Sector players want Shs12 billion budget to market tourism industry
Posted Monday, February 10 2014 at 02:00
Inadequate marketing largely explains why tourists prefer going to neighbouring countries.
Uganda Investment Authority (UIA) will lobby government to increase funding for marketing tourism in North America and other selected satellite cities around the world from the current expected $9,000 (Shs221 million) to $5 million (Shs12 billion).
“Lobbying is part of our mandate,” UIA executive director Frank Sebbowa said last week in a meeting aimed at building competitiveness in tourism with a view to attract investment and employment in the sector.
He continued: “We will lobby for $5 million to be put in marketing the country’s tourism industry every year. This is something we shall start doing immediately.”
This was after tourism industry players argued that lack of marketing explains why tourists prefer going to neighbouring countries like Kenya, Rwanda and Tanzania rather than here—in Uganda.
“Kenya invests more than $30million (about Shs74billion) in marketing its tourism sector, Tanzania puts $12million (about shs29billion), Rwanda $5million (shs12billion) and Burundi injects $1.5 (about Shs3.5billion) and Uganda is much less than all the other neighbouring countries,” the Executive Director, Pearl Of Africa, Ms Kelly Mac Tavish said last week.
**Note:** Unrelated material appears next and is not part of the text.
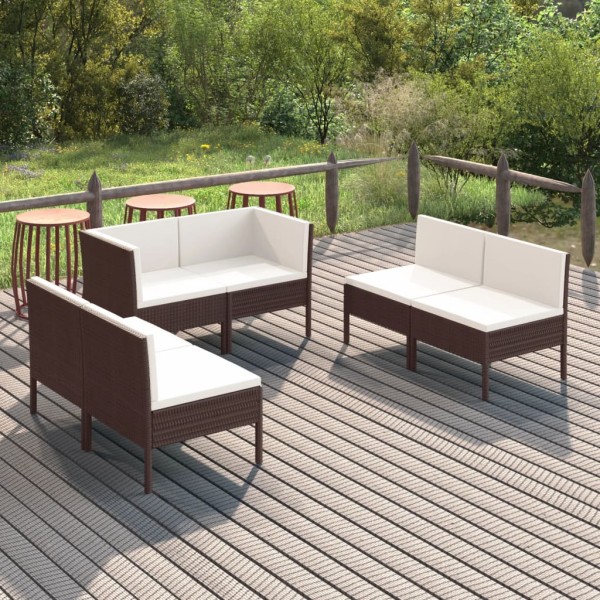 Set muebles de jardín 6 pzas y cojines ratán sintético marrón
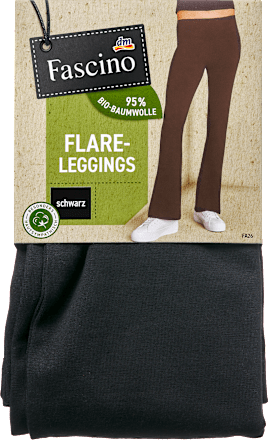 Leggings Flared mit Bio-Baumwolle schwarz Gr. 42/44 Fascino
It emerged that unlike the other countries, Uganda is hoping to invest less that Shs250million for market, an amount the industry player described as a joke.
There was also an appeal that the $10million out of the $25billion provided by the world bank be injected in marketing Uganda abroad since the other half has been allocated in the establishing a school that will produce waiter and waitress—human resource for service industry—hotels.
Meanwhile, a research by the investment body enumerating challenges tourism sector is grappling with was also released. According to the report, the sector is facing constraints such as lack of identity at the international scene, double taxation of tourism facilities like hotels and minimal efforts to promote community tourism.
The minister of Tourism Maria Mutagamba said she will look at the report with a view to implement the recommendations suggested. She also agreed with the move to increase funds for marketing and applauded the State Minister for investment, Gabriel Ajedra gesture to help her lobby for the increment.